6. BÖLÜM

25 4 1
                                    

Media= Asil Demiralp

Keyifli okumalar. Oy ve yorumlarınızı bekliyorum :):)

Sakince arabanın gittiği yolu izlerken bir yandan şoförü, bir yandan da durakta beni alan adamı dinliyordum. Fısıldayarak;

"Abi bu kız niye kolaylıkla bindi?"

"Ne bileyim oğlum, boşver çok konuşmada devam edelim."

Gözlerimi devirdim. İstesem tabi kaçar kalabalığa karışırdım. Koşmak, kaçmak en iyi bildiğim şeydir, ama dövüş dersi almayıda kafamın bir köşesine not ettim. Bu insanlarla mücadele etmek için mutlaka lazımdı artık. Şu an tek temennim, umarım babam eve gelmeden benim işim bitmiş olur, aksi taktirde babamın endişesinin alacağı boyutu tahmin edemiyorum.
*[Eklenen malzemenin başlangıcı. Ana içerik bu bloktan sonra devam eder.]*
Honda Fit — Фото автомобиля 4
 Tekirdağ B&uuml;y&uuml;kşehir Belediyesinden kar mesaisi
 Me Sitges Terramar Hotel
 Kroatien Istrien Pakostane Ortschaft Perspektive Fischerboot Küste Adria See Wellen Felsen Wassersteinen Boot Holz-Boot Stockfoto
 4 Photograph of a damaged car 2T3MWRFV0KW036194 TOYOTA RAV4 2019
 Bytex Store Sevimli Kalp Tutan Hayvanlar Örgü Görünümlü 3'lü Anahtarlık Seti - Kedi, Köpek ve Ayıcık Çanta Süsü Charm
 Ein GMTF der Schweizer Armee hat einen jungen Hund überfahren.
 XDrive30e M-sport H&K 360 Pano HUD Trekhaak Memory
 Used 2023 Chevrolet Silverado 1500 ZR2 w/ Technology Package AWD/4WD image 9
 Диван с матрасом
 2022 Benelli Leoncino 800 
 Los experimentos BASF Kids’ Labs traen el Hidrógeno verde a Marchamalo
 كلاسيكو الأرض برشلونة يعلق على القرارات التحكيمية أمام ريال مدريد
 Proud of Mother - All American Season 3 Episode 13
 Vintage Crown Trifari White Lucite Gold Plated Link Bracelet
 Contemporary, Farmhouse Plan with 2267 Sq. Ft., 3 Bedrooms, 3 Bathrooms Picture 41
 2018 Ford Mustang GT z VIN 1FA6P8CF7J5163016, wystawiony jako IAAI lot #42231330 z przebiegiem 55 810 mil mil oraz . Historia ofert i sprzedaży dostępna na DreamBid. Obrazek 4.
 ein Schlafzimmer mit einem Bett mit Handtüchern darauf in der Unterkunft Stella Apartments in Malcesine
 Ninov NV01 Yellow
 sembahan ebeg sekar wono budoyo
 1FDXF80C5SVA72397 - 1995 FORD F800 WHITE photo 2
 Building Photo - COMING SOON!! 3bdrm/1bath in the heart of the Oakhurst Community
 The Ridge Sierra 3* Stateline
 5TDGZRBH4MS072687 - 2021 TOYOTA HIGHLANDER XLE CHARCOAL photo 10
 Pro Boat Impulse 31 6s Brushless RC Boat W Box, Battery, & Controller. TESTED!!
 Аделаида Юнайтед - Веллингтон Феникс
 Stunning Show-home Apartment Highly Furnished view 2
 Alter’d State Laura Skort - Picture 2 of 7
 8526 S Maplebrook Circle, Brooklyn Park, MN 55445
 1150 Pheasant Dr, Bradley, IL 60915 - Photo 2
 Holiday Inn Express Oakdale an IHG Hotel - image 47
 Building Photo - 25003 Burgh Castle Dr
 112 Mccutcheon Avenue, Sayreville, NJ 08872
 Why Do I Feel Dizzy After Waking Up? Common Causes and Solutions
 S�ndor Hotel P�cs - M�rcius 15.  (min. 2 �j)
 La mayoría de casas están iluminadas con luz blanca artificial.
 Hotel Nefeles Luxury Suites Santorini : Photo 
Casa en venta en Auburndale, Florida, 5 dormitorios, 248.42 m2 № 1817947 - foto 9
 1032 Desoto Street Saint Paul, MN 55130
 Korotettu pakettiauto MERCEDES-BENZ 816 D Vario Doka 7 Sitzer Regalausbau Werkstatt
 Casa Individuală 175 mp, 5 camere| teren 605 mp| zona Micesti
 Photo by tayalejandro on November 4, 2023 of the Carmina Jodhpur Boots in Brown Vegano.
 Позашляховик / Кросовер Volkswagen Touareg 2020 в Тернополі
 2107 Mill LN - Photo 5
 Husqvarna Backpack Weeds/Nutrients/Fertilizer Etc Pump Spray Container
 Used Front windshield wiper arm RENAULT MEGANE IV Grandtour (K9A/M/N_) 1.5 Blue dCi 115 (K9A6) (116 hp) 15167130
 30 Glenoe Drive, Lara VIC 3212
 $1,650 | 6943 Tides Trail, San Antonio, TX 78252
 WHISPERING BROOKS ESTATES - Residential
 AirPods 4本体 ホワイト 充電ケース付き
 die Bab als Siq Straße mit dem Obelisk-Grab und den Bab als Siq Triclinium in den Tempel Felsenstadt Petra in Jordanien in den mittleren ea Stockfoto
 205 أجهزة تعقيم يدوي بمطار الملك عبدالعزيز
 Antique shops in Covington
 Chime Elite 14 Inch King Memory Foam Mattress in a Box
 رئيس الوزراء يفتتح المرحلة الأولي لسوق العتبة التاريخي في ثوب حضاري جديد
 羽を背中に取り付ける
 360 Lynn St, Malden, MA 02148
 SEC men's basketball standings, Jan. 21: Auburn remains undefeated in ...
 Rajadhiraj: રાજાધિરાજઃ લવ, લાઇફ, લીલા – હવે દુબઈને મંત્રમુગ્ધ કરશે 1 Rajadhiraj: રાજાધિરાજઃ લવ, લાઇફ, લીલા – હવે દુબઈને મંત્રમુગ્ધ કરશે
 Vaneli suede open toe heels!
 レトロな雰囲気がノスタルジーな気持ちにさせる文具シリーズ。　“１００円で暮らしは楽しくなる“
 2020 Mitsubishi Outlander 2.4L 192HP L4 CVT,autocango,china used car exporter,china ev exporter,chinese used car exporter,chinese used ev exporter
Şu an yaşadığım olaylardan ve piskolojimin geldiği durumdan dolayı, deli gibi korkudan titremem gerekiyordu. Ama sanırım artık bağışıklık kazanıyordum. Garip bir şekilde soğuk kanlı oluşum, beni bile şaşırttı, düşüncelerimle kendimi tutamayıp kıkırdadım.

"Abi o iyimi?" bunu arabayı kullanan kişi dikiz aynasından bana bakarak söylemişti.

"Sanane oğlum dönsene önüne"

"Gülüyor deli olma olasılığı kaç acaba?" dedi bunu ciddi ciddi düşünerek. Gözlerimi devirdim, o sırada çıkan hışırtı sesi ile duraktan beni alan adamın bana döndüğünü hissettim.

"Bu kızdan her şeyi beklerim"

"Saçmalamayın isterseniz! Deli değilim ben, ayrıca bana şöyle bakmaktan vazgeçin."

Arabayı kullanan adam, yanındaki adama hitaben "Abbas abi sana diyor" dedi.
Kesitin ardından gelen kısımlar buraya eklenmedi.